In poche parole, i Pir sono nati con l’intento di agevolare l’afflusso dei capitali verso le società quotate di piccole dimensioni, così da favorire l’economia reale. Da quest’anno, i Nuovi Pir prevedono che almeno il 3,5% del patrimonio venga investito in titoli quotati nel segmento Aim, quello in cui si trovano le società fino a 250 dipendenti e con ricavi annui fino a 50 milioni di euro. Un altro 3,5% deve essere investito in società di venture capital.

Le nuove modifiche ai Nuovi Pir

Queste modifiche appaiono molto punitive per il settore, in quanto costringono gli investitori a impiegare una quota (solo apparentemente bassa) dei loro capitali in strumenti tipicamente illiquidi. I titoli delle società quotate nei segmenti diversi da quelli principali, infatti, sono poco negoziati e acquistarli e rivenderli diventa difficile. E così, si arriva alle modifiche di questi giorni, che dovrebbero far tornare l’appetito verso i Pir, pur rivisti dalla versione originaria. Come? Il 5% della quota del 30% sul 70% destinata all’economia reale deve essere impiegato a favore di strumenti emessi da società quotate in segmenti diversi dall’Ftse Mib e il MidCap o equivalenti su altri mercati regolamentati.
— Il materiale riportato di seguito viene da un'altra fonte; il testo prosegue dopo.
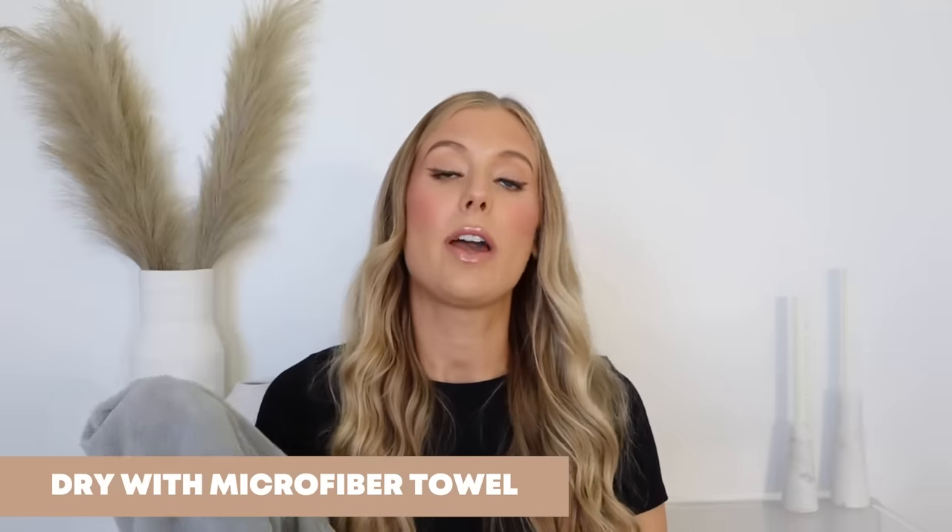Let's just jump right into it. The first thing I do after getting out of the shower is squeeze my hair dry with a microfiber towel. I keep it super gentle — no rubbing back and forth — but I do make sure to squeeze the length of my ponytail several times, and I will repeat that two to three times to make sure all of the excess water is removed. This significantly speeds up my drying process, so it's an absolute must for me.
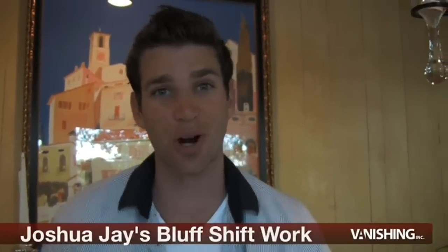What's up everybody? This is Joshua J for Vanishing Inc. Welcome to one of my first downloads for our site. What we're giving you in one download is all my work on the Bluff Shift. People who know me know that I'm obsessed with this concept — it's a beautiful concept.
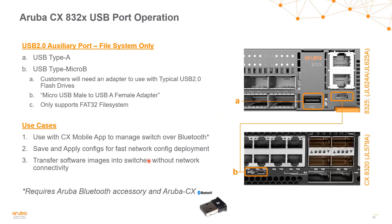The 8320 and 8325 switch series have both USB Type-A ports and USB Micro-B ports. The Type-A ports are used for managing the switch using the Aruba CX mobile app — a Bluetooth dongle comes with the switch and installs into this USB port, letting you use an app on your phone or tablet to provide an initial configuration and get the switch onto the network quickly. You can also use the Type-A port to transfer software images. The USB Micro-B port can act as a serial port and requires an adapter. It only supports the FAT32 file system.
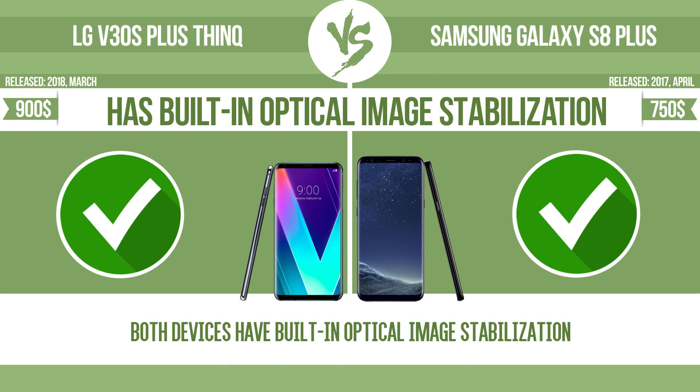Has built-in optical image stabilization. Optical image stabilization uses gyroscopic sensors to detect the vibrations of the camera. The lens adjusts the optical path accordingly, ensuring that any type of motion blur is corrected before the sensor captures the image.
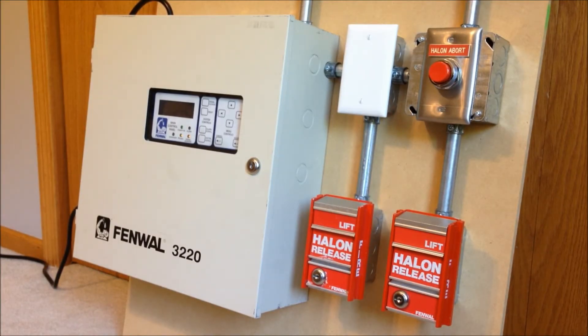Hey everybody, welcome to the first test of my new FENWAL 3220 fire suppression system board. At the same time that I'm publishing this testing video, I'm also publishing a second video which is going to give a full introduction to the system, explain all the devices, show you how everything is connected, and give an in-depth description of how the system operates. So if you want to go watch that video before the testing video, the link will be down in the description.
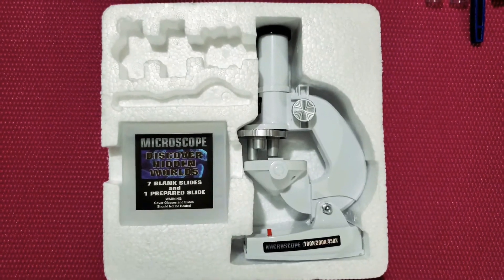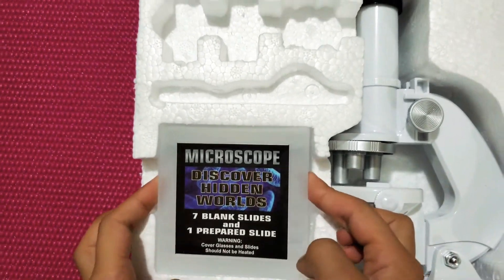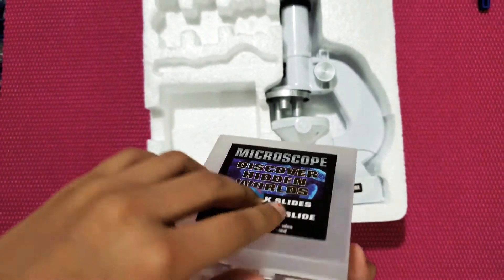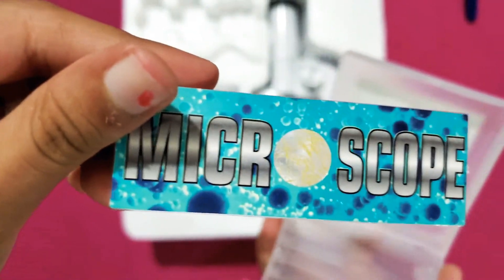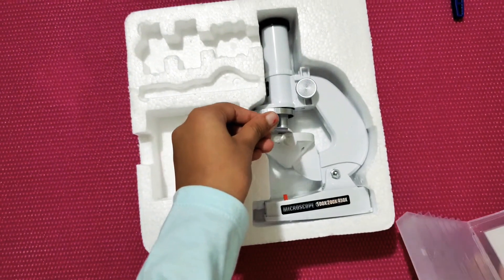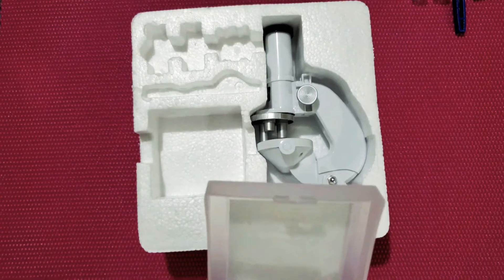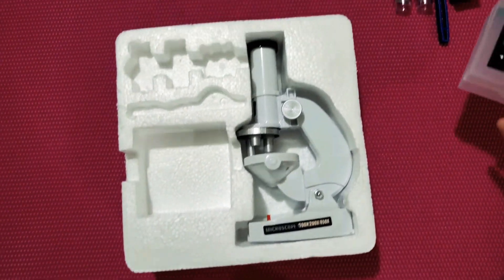Now let's take out the seven blank slides and one prepared slide. Here we have the slide container. Here is the prepared slide — it's for the microscope. You're supposed to put it in here so we can see what's inside. Let's put it back.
La fuga verso i bond, le incognite sui nuovi Pir e la bassa educazione finanziaria

A conti fatti, la nuova limitazione appare molto meno stringente di quella attualmente in vigore, in quanto obbliga gli investitori a destinare poco più dell’1% dei loro patrimoni ai segmenti dedicati alle piccole e alle micro-imprese, la cui capitalizzazione complessiva viene stimata in 28 miliardi. E ancora: fondi pensioni e casse previdenziali potranno investire in uno o più Pir, ma nel limite del 10% dei rispettivi patrimoni. Anche quest’ultimo paletto sembra giustificarsi con la necessità di evitare che pochi soggetti detengano quote eccessive di un mercato già di per sé poco liquido e di piccole dimensioni, così da consentirne l’accesso a un numero di risparmiatori individuali quanto più alto possibile. Del resto, era stato pensato per loro questo veicolo d’investimento.